At Ball State, select students are being given a large amount of creative freedom while working with an established television network in order to help educate the public on classic films.
This course — “Let’s Movie Design Studio” — has been led by Richard Edwards, the executive director for strategic learning, since 2016. The students in the class make products for Turner Classic Movies (TCM), a television network founded in 1994 that mainly airs classic films.
TCM works on a monthly schedule, dedicating each month to a certain theme or genre. During February, for example, the network aired only films that have won Academy Awards as a part of “31 Days of Oscar.”
Edwards said TCM wanted to create free educational experiences to help people learn about classic movies and not just watch them. He said TCM chose Ball State because of the school’s well-known telecommunications department, the immersive learning courses and its online course services.
“When TCM started to look for a university partner to do the educational mission, we checked all of their boxes,” Edwards said.
Representatives from TCM fly to Ball State to pitch the needs of the network to the students in the course. Students who work on the course work directly with the professionals from TCM.
“It really is a very professional experience for the students,” Edwards said.
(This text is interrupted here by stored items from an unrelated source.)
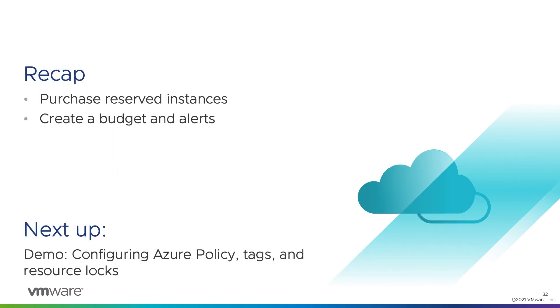All right. To recap, in that demo, we went over purchasing reserved instances and creating a budget and alerts. In our next demo, we're going to go through configuring Azure policy tags and resource locks. Thank you.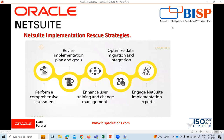Now here are the rescue strategies. First, we can revise the implementation plan and goals. We need to set realistic timelines and milestones considering the complexities and challenges at the time of implementation. We can also identify the critical business processes that need immediate attention and prioritize them.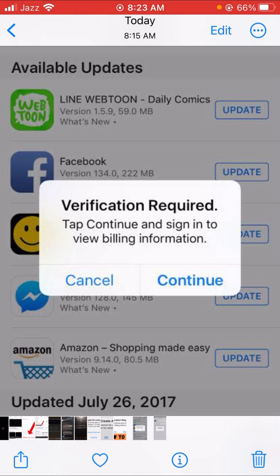You get this verification required message when a payment method has failed, or if a particular device has never purchased a paid app or downloaded a free app, or if there is a pending unpaid balance on your account. The leading cause of the verification required message on your iPhone or iPad is a faulty credit card.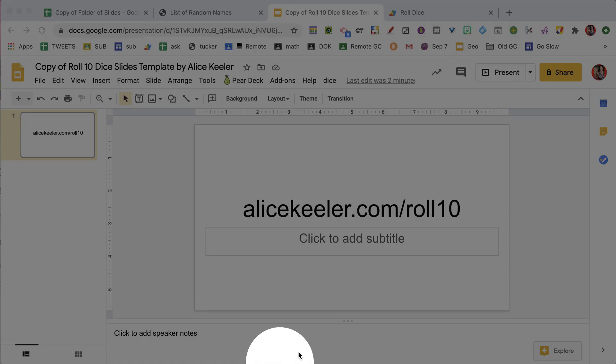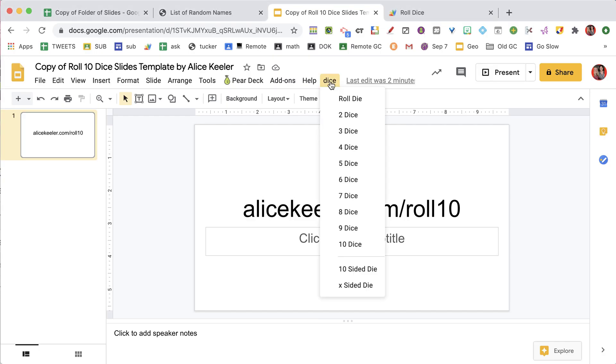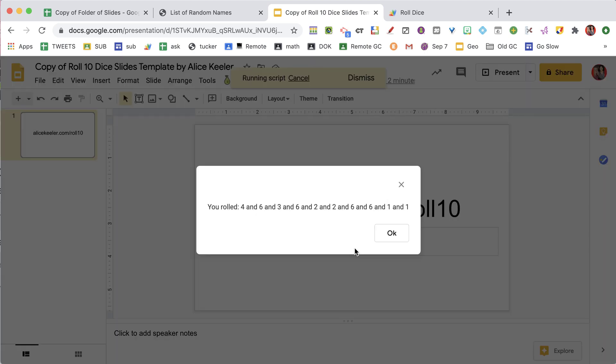You'll notice that there is a dice menu, just like alicekiller.com/diceslides, but instead of only five options, you can now roll up to 10 dice, and it's going to do a pop-up to show you what each one of those 10 dice rolls are.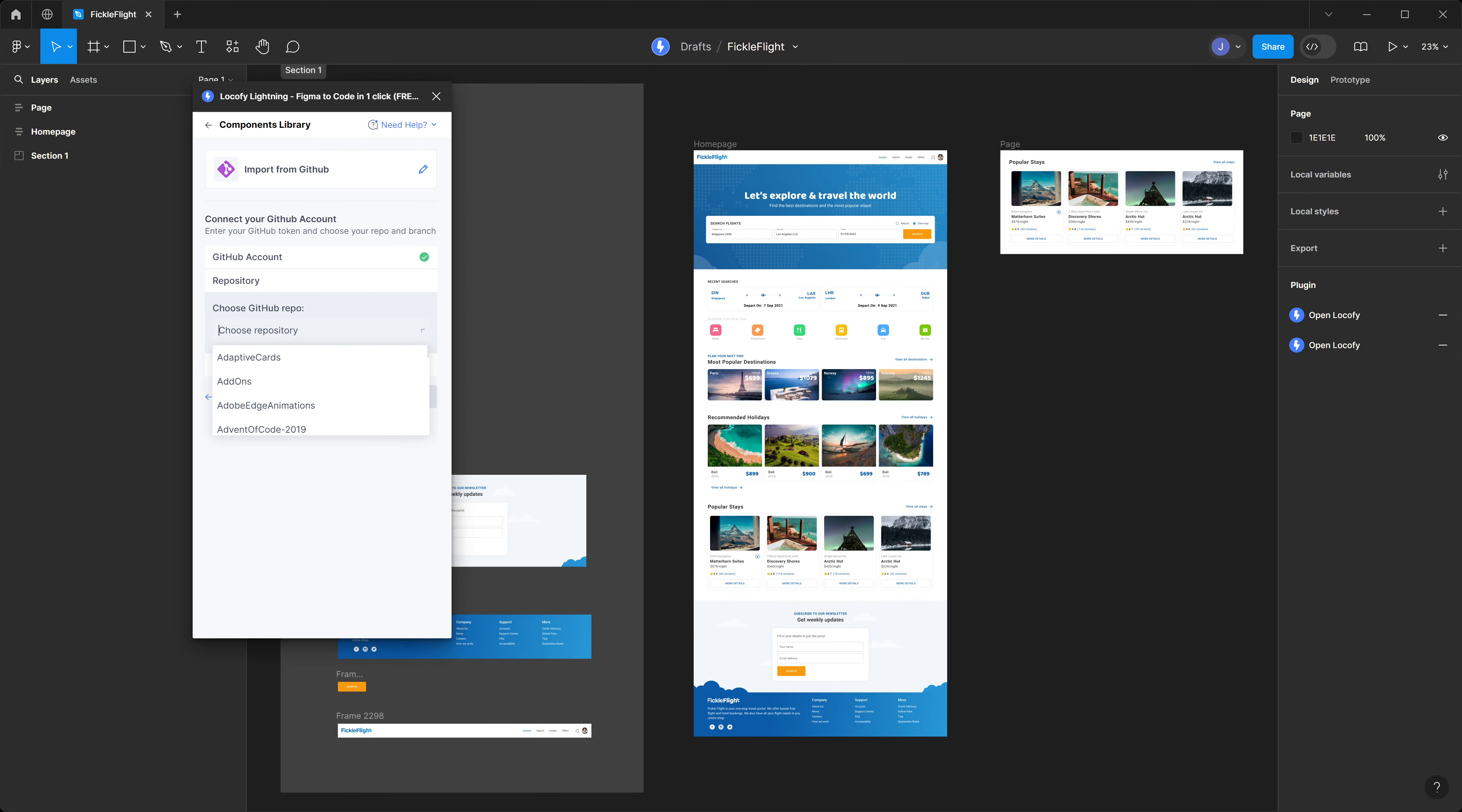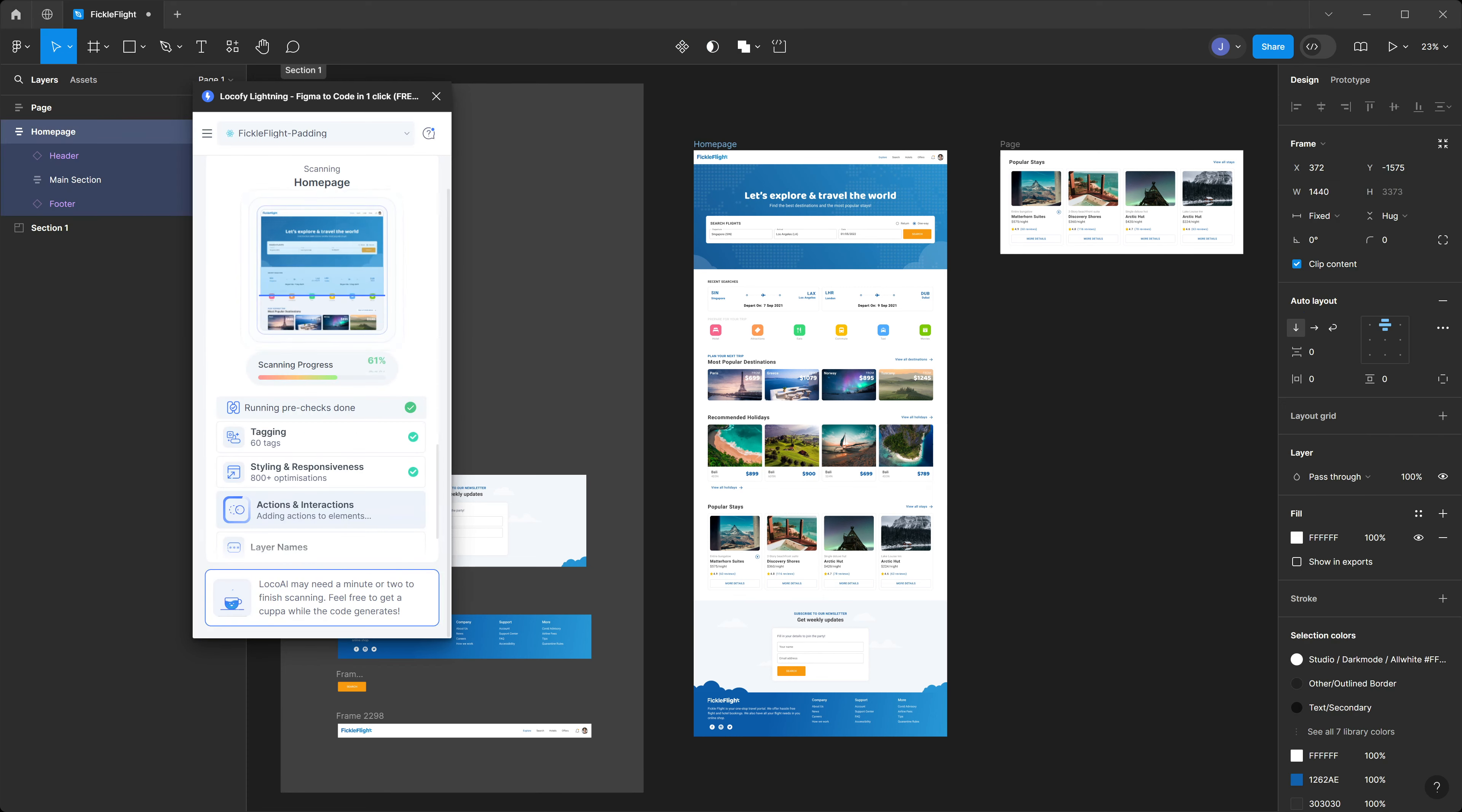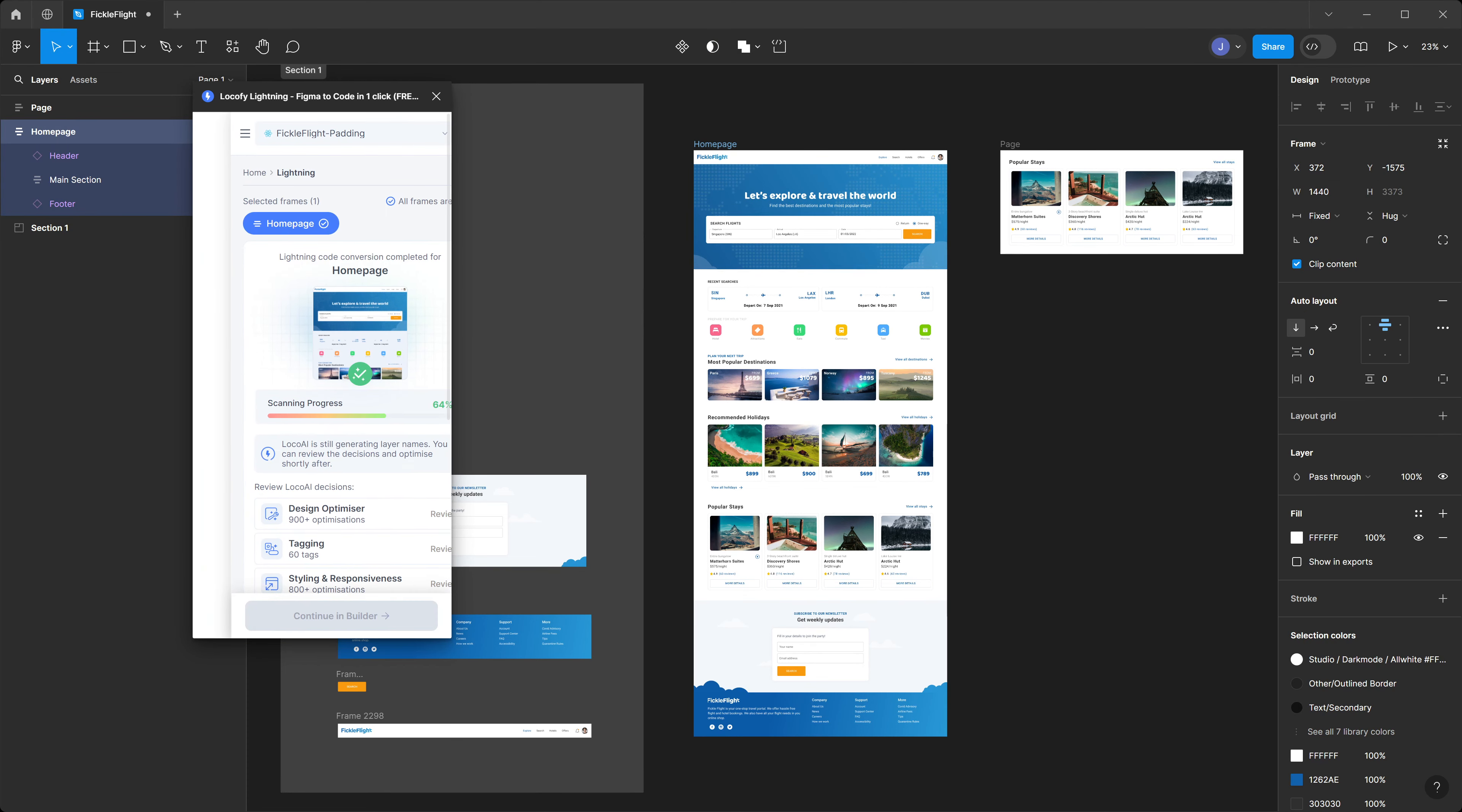After authenticating, you'll choose your repo and choose the branch. Confirm. Once complete, continue on with the scanning process.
Henry Tegeler, junior telecommunications major, said he took the immersive course in 2016 as a video editor and producer. He plans to participate in the third installment of the course as well.
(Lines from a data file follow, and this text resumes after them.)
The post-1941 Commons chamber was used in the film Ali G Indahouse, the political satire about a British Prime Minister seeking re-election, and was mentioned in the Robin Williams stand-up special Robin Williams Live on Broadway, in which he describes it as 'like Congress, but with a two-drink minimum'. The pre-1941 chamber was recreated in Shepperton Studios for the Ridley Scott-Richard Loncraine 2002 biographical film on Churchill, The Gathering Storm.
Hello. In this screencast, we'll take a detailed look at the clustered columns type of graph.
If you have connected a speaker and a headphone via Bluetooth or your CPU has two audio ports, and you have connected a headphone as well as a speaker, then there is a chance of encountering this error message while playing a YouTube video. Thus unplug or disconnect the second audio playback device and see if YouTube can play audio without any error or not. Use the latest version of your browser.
“I wasn’t sure how involved with TCM I would be, and I was really surprised,” Tegeler said. “It was really amazing how much we actually worked with the company.”
The students' work goes through the same approval process as professionals who work for TCM. Students are given two weeks to think of ideas ranging from videos, digital engagements, web materials and social media campaigns, and then pitch them to TCM via video conference.
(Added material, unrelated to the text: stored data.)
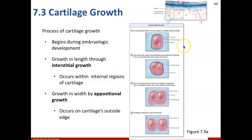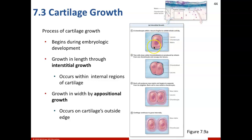So you can see interstitial growth here. This is going to allow growth in length for our cartilage. We'll start out with our chondrocyte within its happy home, the lacuna.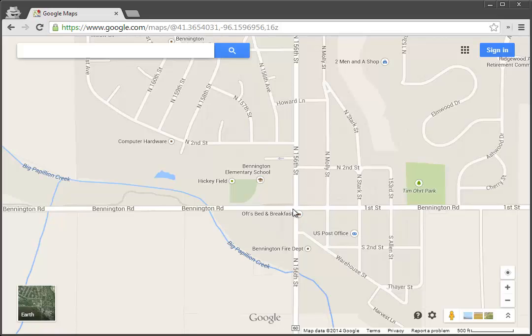Hi, this is Jason Schmidt, Instructional Technologist at Bennington Public Schools in Bennington, Nebraska, and I'm here to show you real quick how to pull the latitude and longitude of a location off of a Google Map.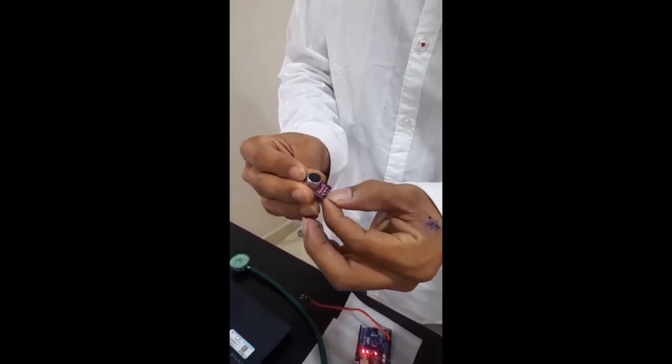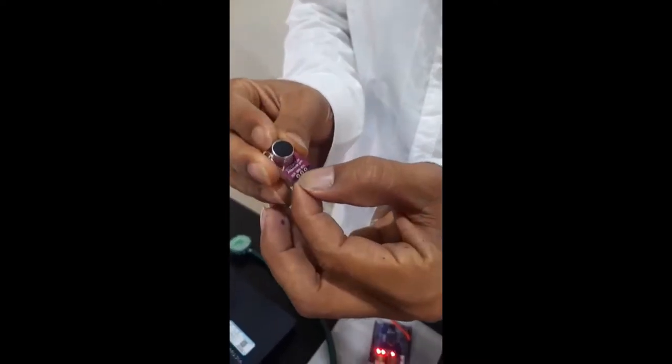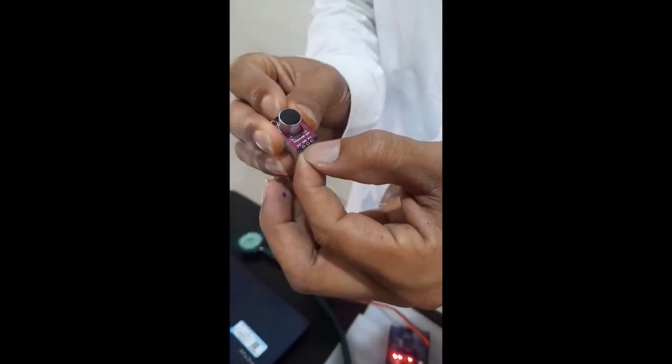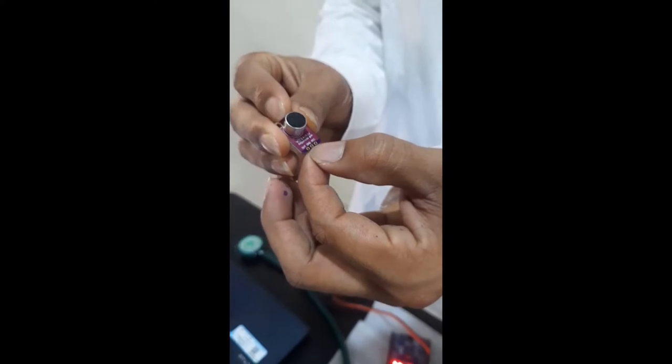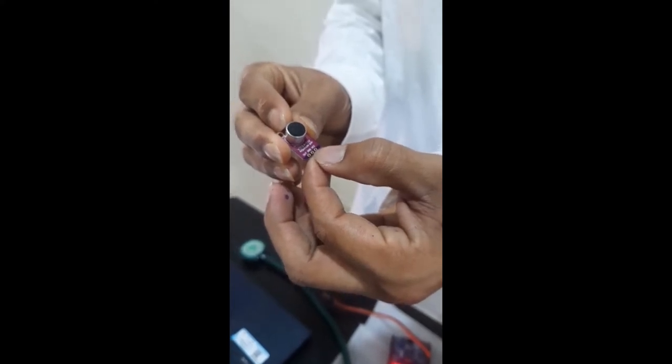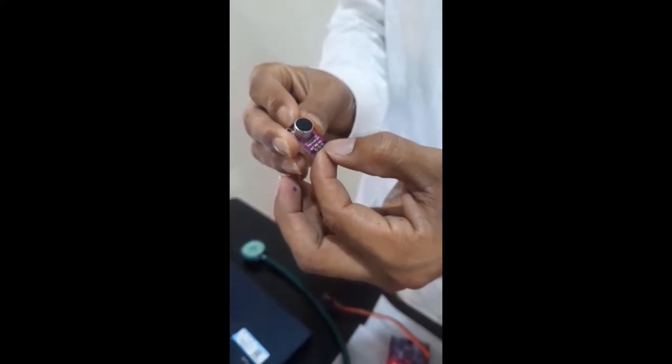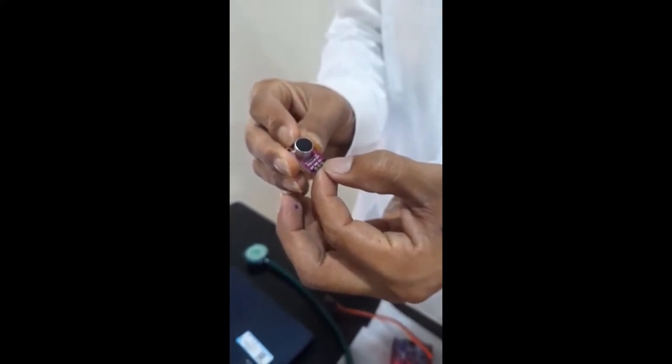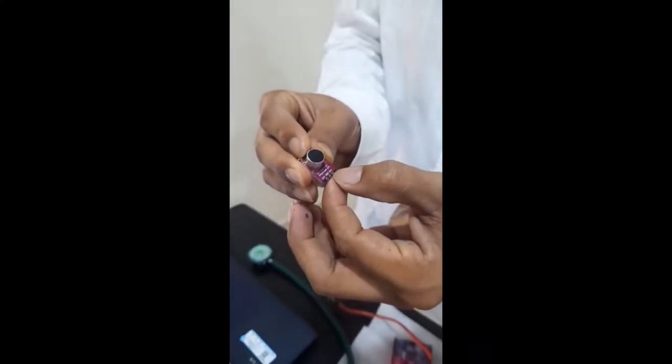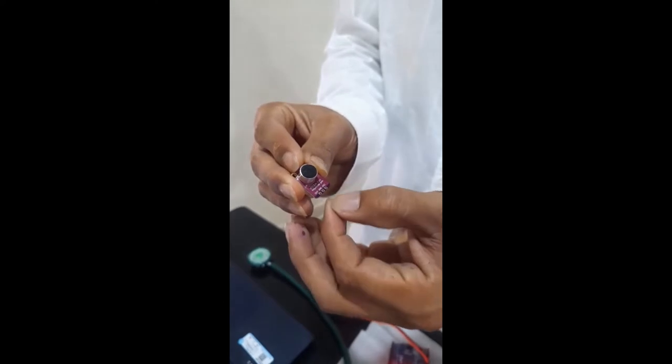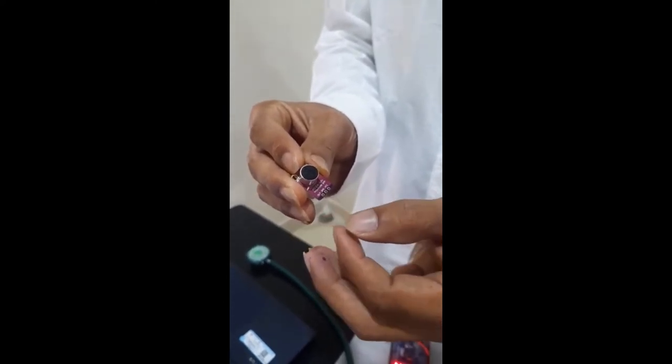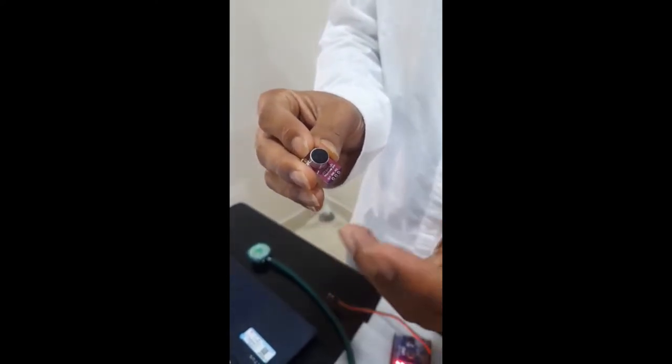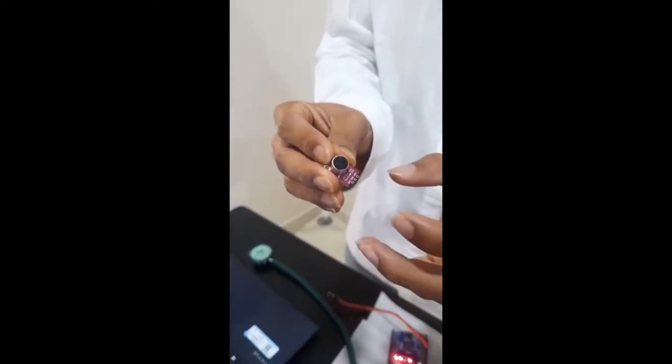And we can see the Max 4466 has three pins. One is output pin and one is ground pin and one is VCC pin. The VCC stands for Voltage Common Collector and it is a power input of a device.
Once these ideas are approved by TCM, the students spend the rest of the semester creating the final products with full creative control. However, every two weeks during the semester, students must check in with TCM to show their progress and receive professional feedback.
Edwards said this process is instrumental to a design studio in order to ensure the product is successful.
Tegeler said TCM was friendly in their interactions with the students, but also provided plenty of helpful criticism and guidance. He said he learned a lot about how television networks work in terms of marketing and working with clients.
Becoming a team member
Students in the course are recruited by Edwards and are selected due to their particular skill sets, whether it’s video, marketing, design or writing.
The first student-involved course was made of seven students who dealt with slapstick comedy. The second year’s theme, “50 Years of Hitchcock” was focused on Alfred Hitchcock and involved 13 students.
Wes Gehring, a professor of telecommunications with a strong knowledge in film and comedy, has worked with the past two courses and is planning on working on the next one. He said working on the course has been enjoyable and made him explore areas he was not as familiar with.
“It’s good for everybody,” Gehring said. “Students, faculty and the university in general.”
In addition to video conferences, TCM also pays to fly students to the Turner Entertainment Network campus in Atlanta to pitch ideas and talk to professionals who are working on the Turner campus.
Tegeler said it was great to tour the campuses and talk to professionals who are in the same line of work he is pursuing.
The next theme
The upcoming third year course will be about the history of the Hollywood musical and will have eight students on the team. Edwards said the materials will be worked on with the help of Vanessa Ament, a professor of telecommunications and an Edmund F. and Virginia B. Ball Endowed Chair for the TCM course. The final products will be released in June.
“Three years in, we’re just doing this consistent project where for one month a year, we’re supporting Turner Classic Movies as they feature a different film genre,” Edwards said.